On a hill in St. Anns Bay stands a building…a magnificent building, an example of old Jamaica architecture. Tourists, from around the world, once graced the arched doorways and magnificent vistas. Today, these doorways and vistas are still enjoyed, not by tourists…but by Barbara Black, her staff and “their girls”. This former hotel is now the Windsor Girls Home in St. Anns Bay.
On July 19 members of Jamaicans.com, who were in Ocho Rios for the 2004 annual bashment, visited Windsor Girls home. This year’s bashment charity of choice was the girls home and we collected needed items that were donated by our generous members. Collected items included books, office and school supplies, toiletries, clothing, games, radios/CD players, sewing supplies, cosmetology supplies and more.
Windsor Girls home, funded and operated by the Jamaican Government, is home to girls aged 12-18. During our visit there were approximately 34 girls living at the home with upwards of 60 living there during the school year. These girls come from all over the island and most have no other place to go. Some are fortunate enough to have family that they go stay with during the summer holiday months. Funding from the government is limited and donations such as ours help to make ends meet.
While living at the school, they not only learn the basic subjects like Math and English, but they are also prepared for life after Windsor. The home has programs for Cosmetology, Dressmaking/Sewing and Home Economics. Barbara Black and her staff have the task of preparing the girls for life outside the Windsor walls.
While talking with Barbara, who is the administrator, you can see the pride she takes in “her girls”. She was proud to show us their Kitchen lab where home ec. classes are taught, and where a recipe for Bulla on the chalk board caught my attention.

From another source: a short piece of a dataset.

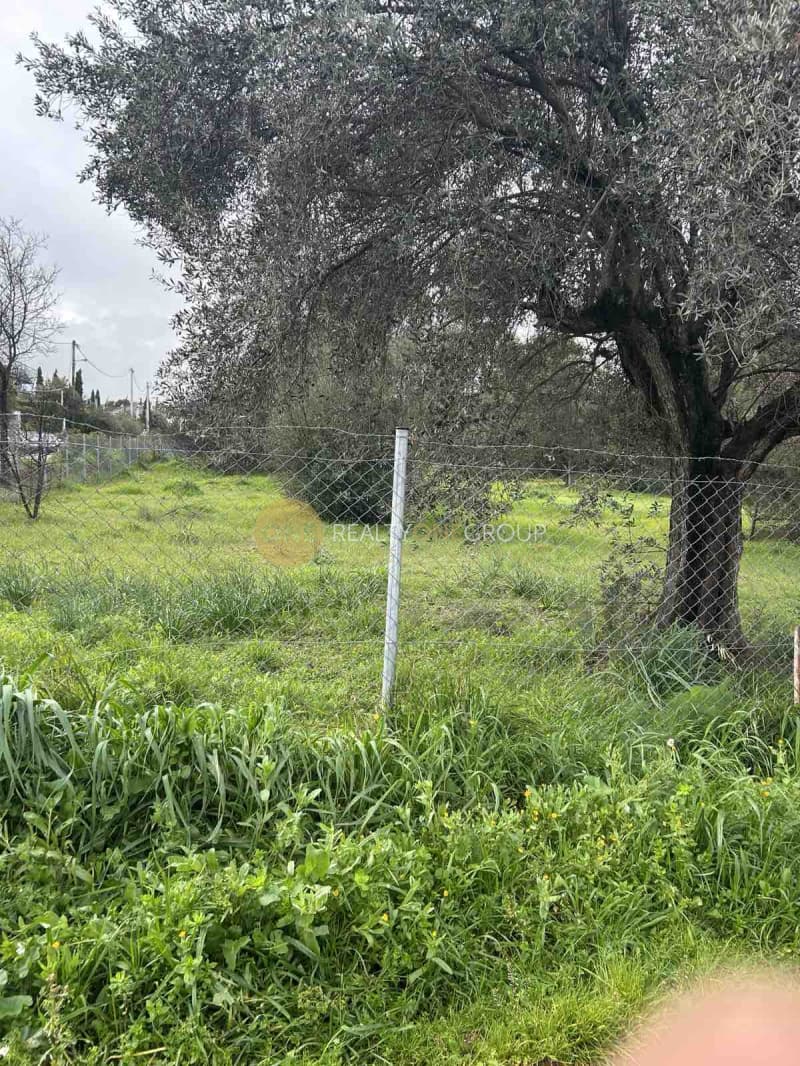 Building Plot in Anoixi, Anoixi — Photo 1 of 9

She also showed us their computer lab where the girls learn basic computer skills. Sadly of the 10 or so computers we saw in the room, only about half were functional.
With all the obstacles that Windsor has to over come, they do their best to provide a well-rounded education. Some of their students go on to college; one has even gone on to study at UWI. But there are obstacles, first there is the limited funding, next is trying to keep the girls from being tempted to run away. Windsor sits in the middle of a squatter community. The men of this community often try to entice the girls to leave the property with promises of a better life. Sadly, there are the occasions where these men are successful. Many of the girls are orphaned or have come from dysfunctional families. Some have been abused and/or abandoned and promises of love and freedom win out over education and rules.
In addition to those problems, we also learned that their building is slowly falling down. One unused section slid down the hill recently. Other parts are unsafe to use and have been closed off. As I looked around, I could see that at one time the property was a beautiful place. The views are spectacular and the grounds still show evidence of fountains and beautiful gardens.
Aside from the state of the property, there are the girls. One girl, whose face is still so clear to me, had a smile that she couldn’t hold back as our eyes met. She was shy unlike some of the other girls who were anxious to see what we had brought. She sat off to the side and watched. Her eyes were wide and sparkled, her skin was beautifully flawless and the color of chocolate. Several times while being given our tour I saw her and winked…she would giggle. As we drove off, I saw her watching again…I waved goodbye and so did she. I wanted to shout to her that I would see her again, because at that moment I hoped I would. But who knows, I know I will visit Windsor again, but will she be there? I hope so, and if not, I hope she has moved on to have a good and peaceful life. One that she so deserves.